Den Vorstoß von Sigrun Wagner fand zwar auch Reinhold Otzelberger (SPD) "beeindruckend"; zugleich war der SPD-Rat unzufrieden, weil die Möglichkeit eines Neubaus nicht geprüft worden sei. Und weil viel Geld für eine Lösung ausgegeben werde, die letztlich den Maßstäben eines Kinderhortes nicht gerecht werde. Otzelberger lehnte es ab, "unter Zugzwang gesetzt" zu werden.

"Überzeugend, aber teuer", so schätzte Paul Nerb (FBF) das Projekt ein. Oberbürgermeister Uwe Kirschstein (SPD) entgegnete den Kritikern: "Bauland in dieser Gegend haben wir nicht. Wenn wir ein Grundstück hätten, dann hätte ich Ihnen längst einen Vorschlag zum Bau eines Kindergartens gemacht."

Annette Prechtel (FGL) appellierte, "die Diskussion ein bisschen ehrlicher zu machen". Zwar habe die Stadt wegen des Mangels an Kindergartenplätzen ein Problem - und die Chance auf 30 neue Plätze sei verlockend. "Doch trotz der Not müssen wir die Begrenzung sehen", mahnte Prechtel: Die Zufahrt zum Kindergarten Sattlertor sei ein Nadelöhr und die Sorgen der Nachbarn verlangten "nach einem Interessensausgleich".

Obwohl sich die Stadträte mehrheitlich dafür aussprachen, die Umplanung in der Karolinger Straße 13 anzugehen, muss das Vorhaben noch gewaltige Hürden nehmen.

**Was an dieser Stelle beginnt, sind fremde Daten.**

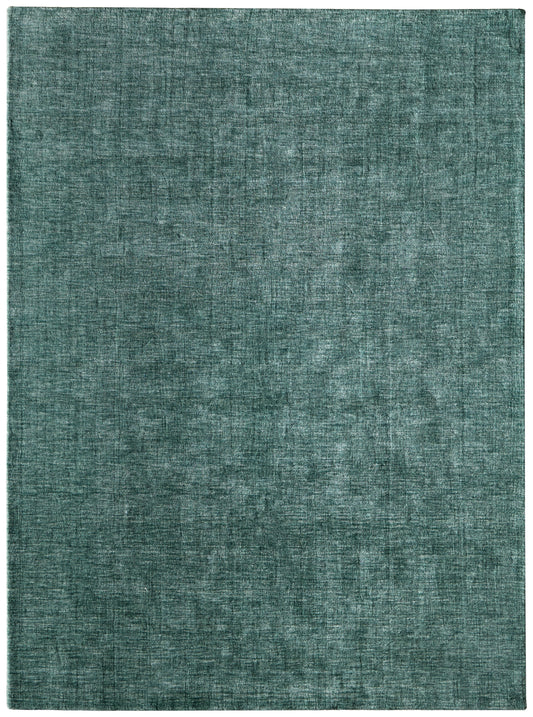 Luna Modern Solid - Green/White Area Rug-0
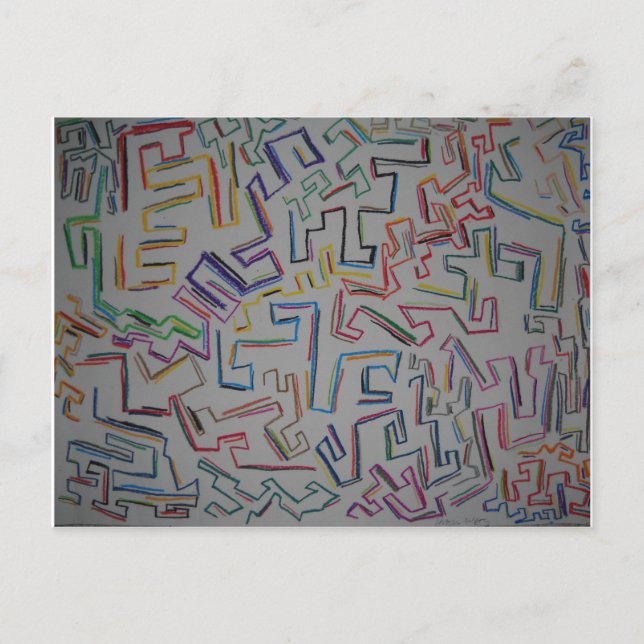 Crazy Way Postcard (Front)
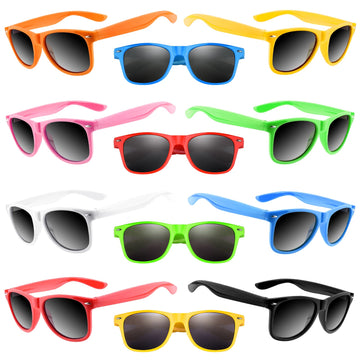 Tuparka 20 Pack Kids Sunglasses Summer Party Supplies Goody Bag Fillers For Pool Party Birthday Party Favors (Mixed Colors)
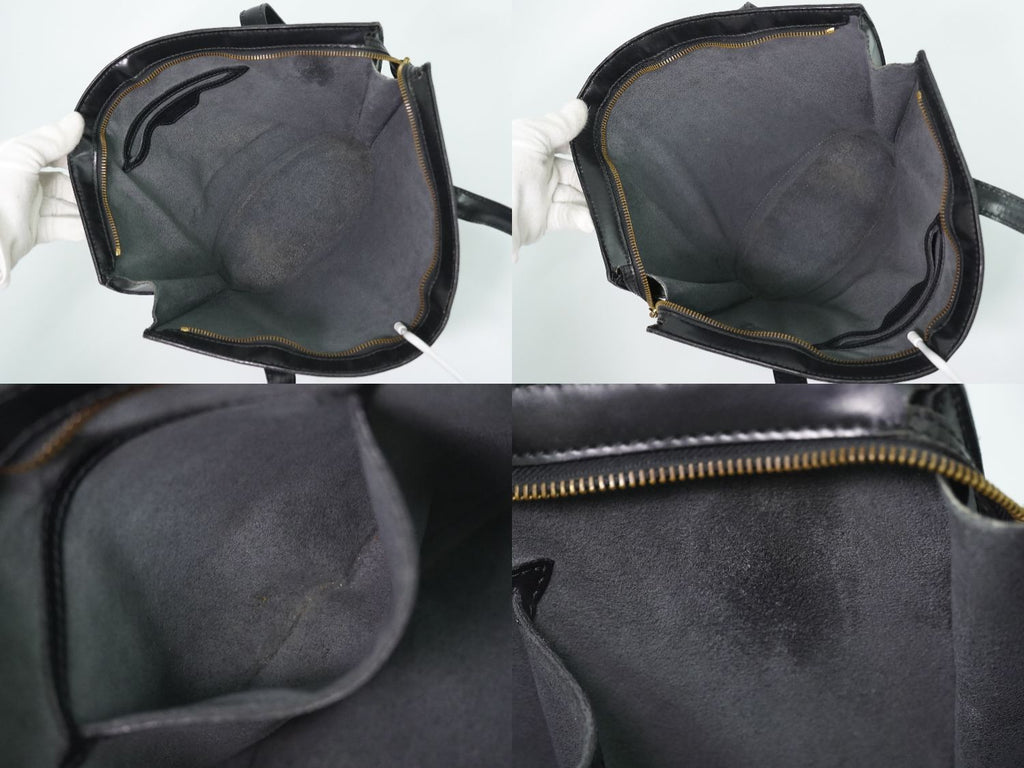 Louis Vuitton LV Saint Jacques Poignet Long Epi Leather Shoulder Bag Noir Black — view 8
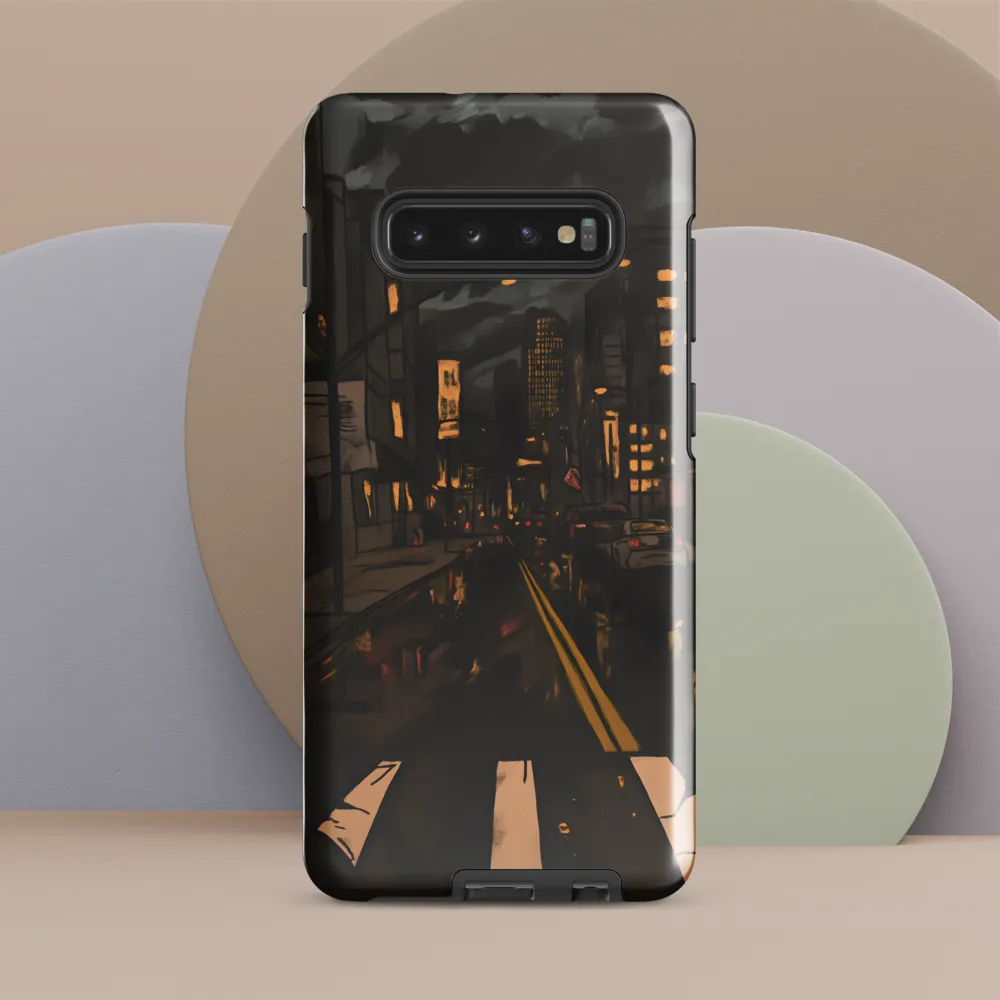 A Night in the Urban Jungle | Phone Case |  S10 Plus | Tough Case | Glossy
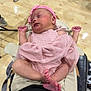 Raelynn joined the competition — help win amazing prizes! baby, sleeping, pink_dress, headband, indoor, wooden_floor, chair, footwear, sneaker, legs, person, infant, toddler, candid, resting, cute, child, soft_lighting, comfortable, holding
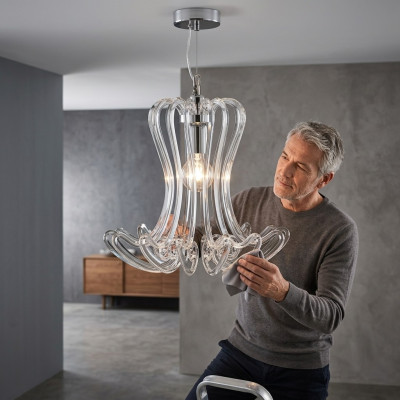 Lampada in cristallo lusso lampadario elegante lampada a soffitto lussuosa lampada a soffitto lüster lampada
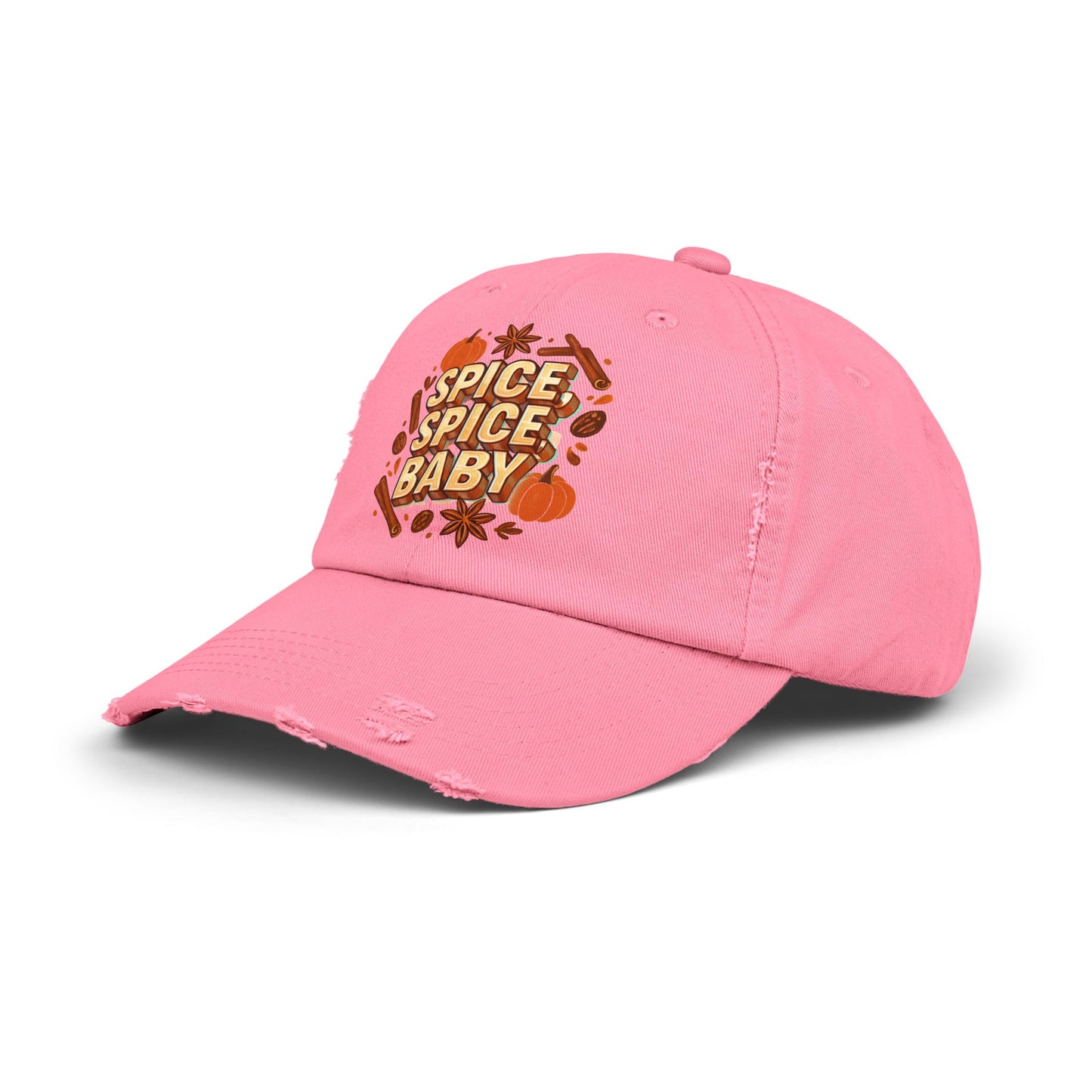 Spice Spice Baby Unisex Distressed Cap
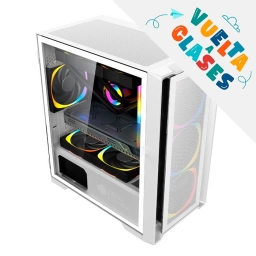 PROMO VUELTA A CLASES Gabinete Gamer Shot Gaming Pro Series SHOT-SUP-8505-WHITE | Cristal Templado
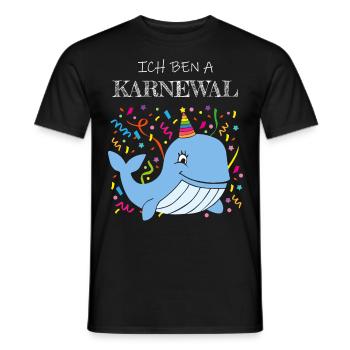 Karneval Fasching Konfetti Köln Kölle Colonia Jeck - Männer T-Shirt - Schwarz - Vorne - AI Model Male 178 light (178cm)
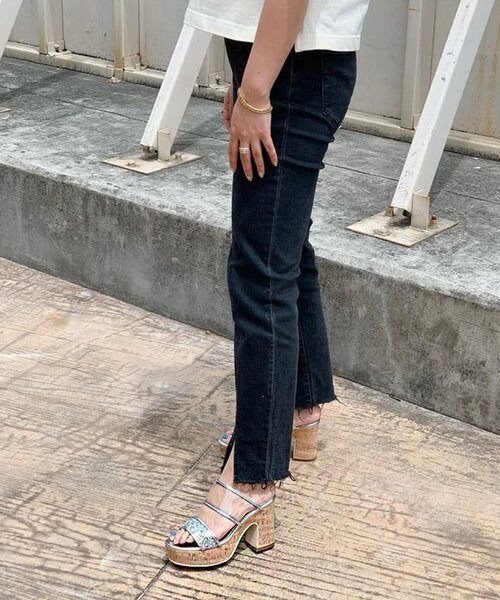 ESPERANZA（エスペランサ）の「◆グリッターコルクプラットフォーム厚底サンダル（サンダル・レディース・その他1/ブロンズ/ブラック系2/ピンク系6・LL/S/M/L）」の13枚目の写真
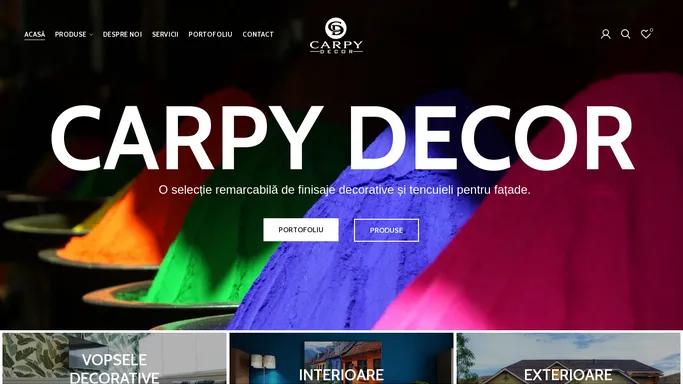 CARPY DECOR – O selectie remarcabila de finisaje decorative si tencuieli pentru fatade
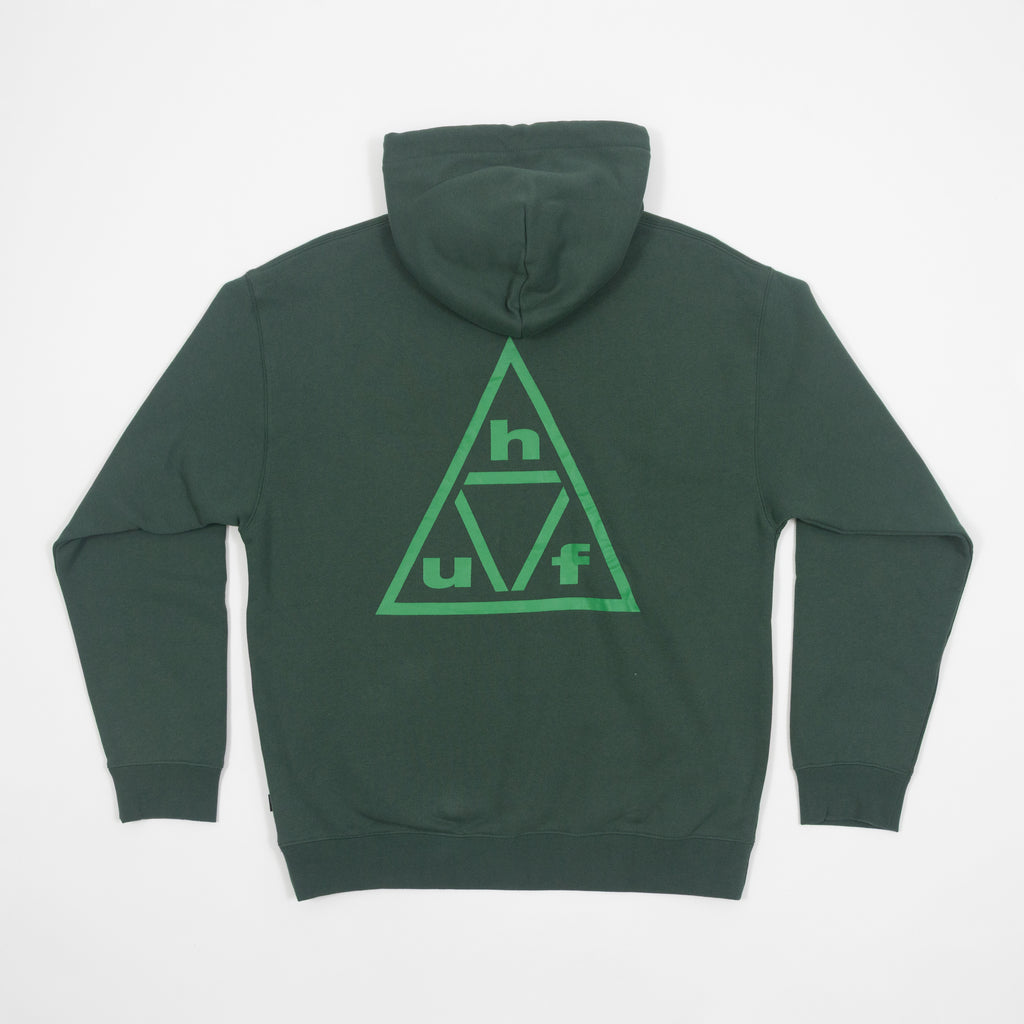 HUF Triple Triangle Pulover Hoodie in FOREST GREEN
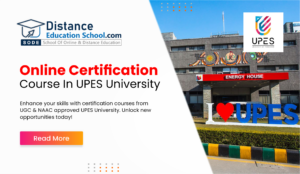 Certification Course from Online UPES University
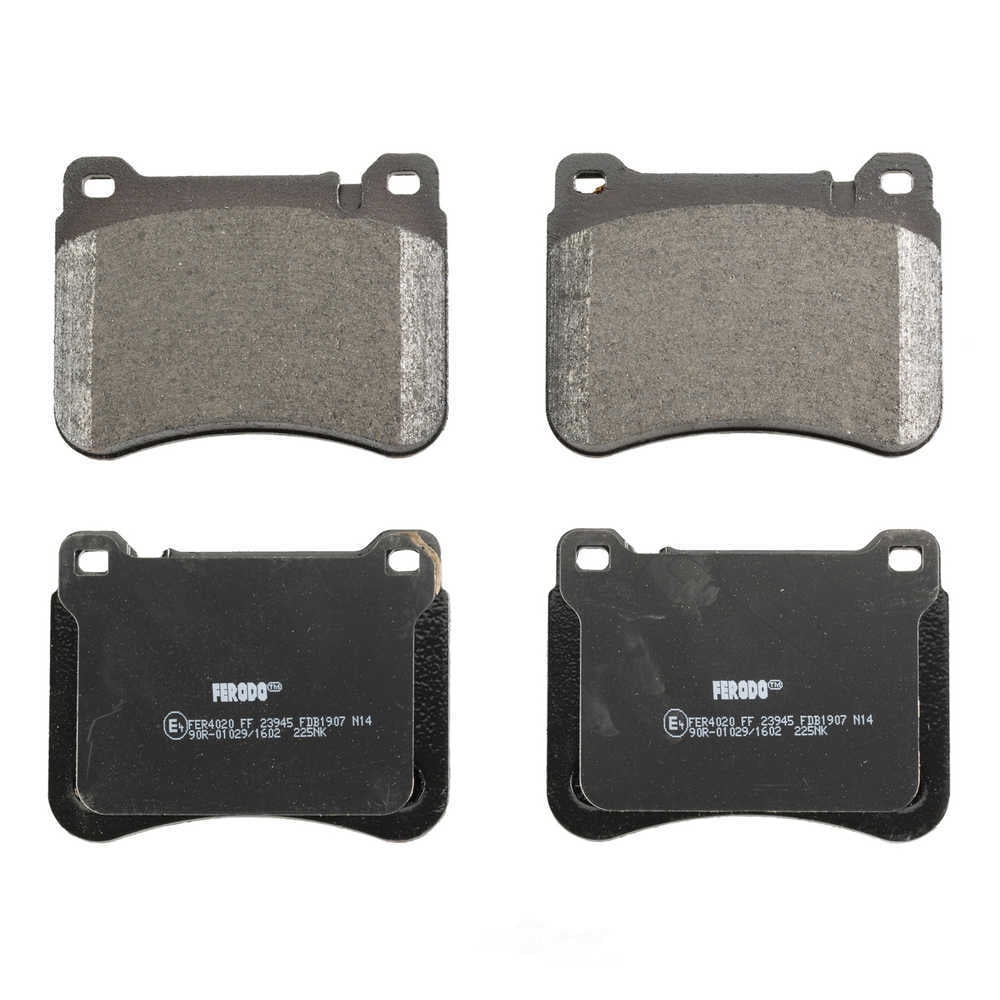 Wagner Brake OEX1121 OEX Front Disc Brake Pad Set Premium Semi - Met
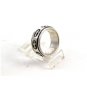 Sterling Silver Cross Worry Spinner Ring Size 8 3/4 04152014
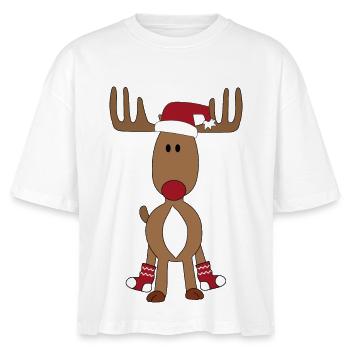 Weihnachten - Stanley/Stella Frauen Boxy Bio-T-Shirt Nova - Weiß - Vorne - Anna (173cm)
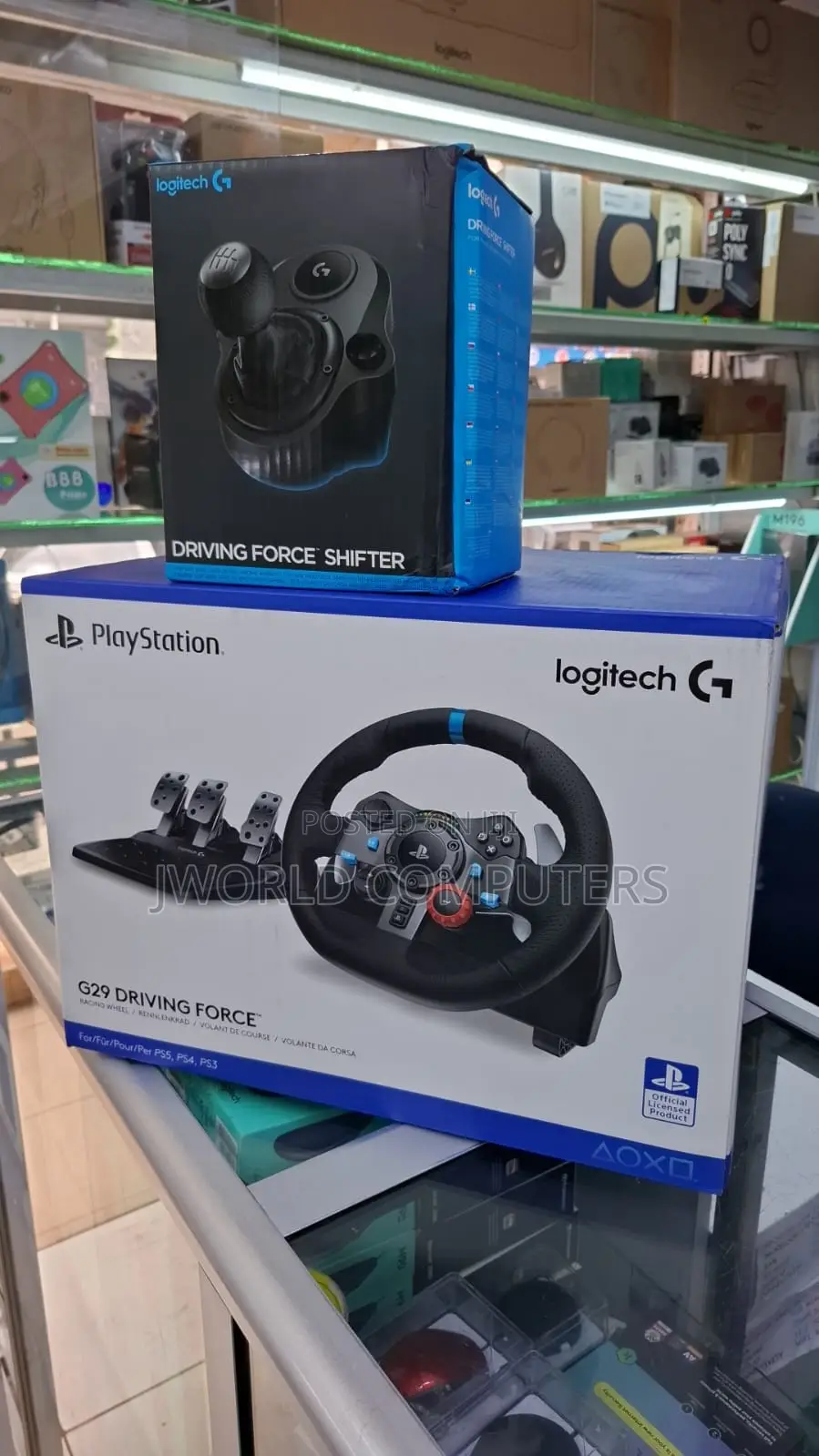 Logitech G29 Driving Force Wheel for Ps4 and Ps5
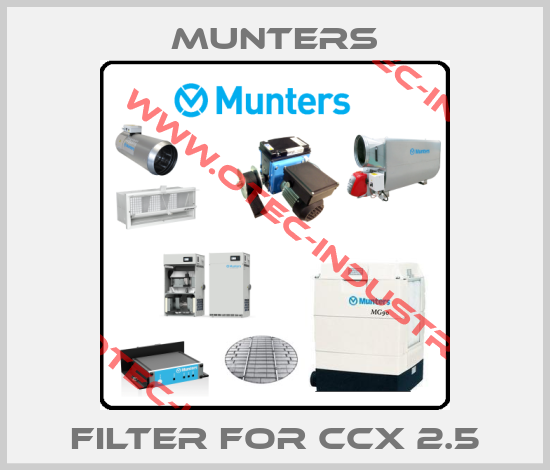 Filter for CCX 2.5-big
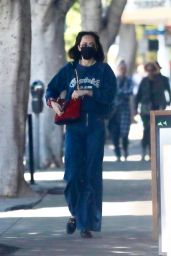 Dakota Johnson Wears Flared Denim With a Matching Sweatshirt - Santa Monica 05/10/2022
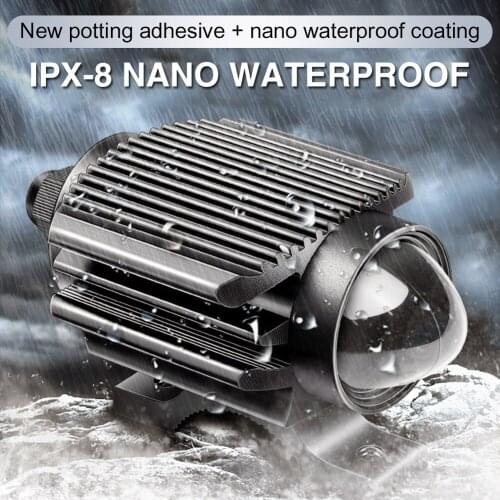 Motorcycles Headlight Working Spot Light LED Lamp Waterproof Motorcycle Headlight Turn Signal Light Head Lamp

Heftiger Widerstand regt sich vor allem in der Nachbarschaft: Der Anwohner Bernd Heberlein entwarf am Mittwoch vor den Stadträten ein sehr dramatisches Bild: Die Straßenführung sei den täglichen und nächtlichen Belastung schon lange nicht mehr ausgelegt. Nicht nur während der Abholzeiten des Kindergartens komme es zu Staus, Hupkonzerten und "absurden Situationen", weil sich die Autofahrer im Begegnungsverkehr gegenseitig die Durchfahrt verweigerten. "Ich komme täglich nicht aus der Einfahrt", sagte Heberlein.

Zudem raube der Kindergartenbetrieb "fünf Meter vor unserem Küchenfenster" seiner Familie die Privatsphäre. Zusätzliche 30 Kinder hier unterzubringen, das sei nicht zumutbar, sagte der den Tränen nahe Heberlein: "Wir können das nicht ertragen." Sichtlich beeindruckt reagierten Reinhold Otzelberger (SPD) und Udo Schönfelder (CSU) auf den Heberlein-Protest. "Wir sind in einer Zwickmühle", meinte der SPD-Rat. "Ich erkenne keinen Lösungsansatz", sagte der CSU-Rat. Schönfelder folgte den Überlegungen Heberleins, Kindergartenplätze dort zu schaffen, wo sie dringend benötigt würden - beispielsweise im Westen der Stadt.

Die Planer müssten jetzt vor allem die Verkehrssituation analysieren, forderten unisono Anita Kern (SPD) und Gerhard Meixner (FGL). Reinhold Otzelberger und Annette Prechtel empfanden einen Grundsatzbeschluss für die Planung als unzumutbar, solange der Interessensausgleich mit den Nachbarn nicht versucht worden sei.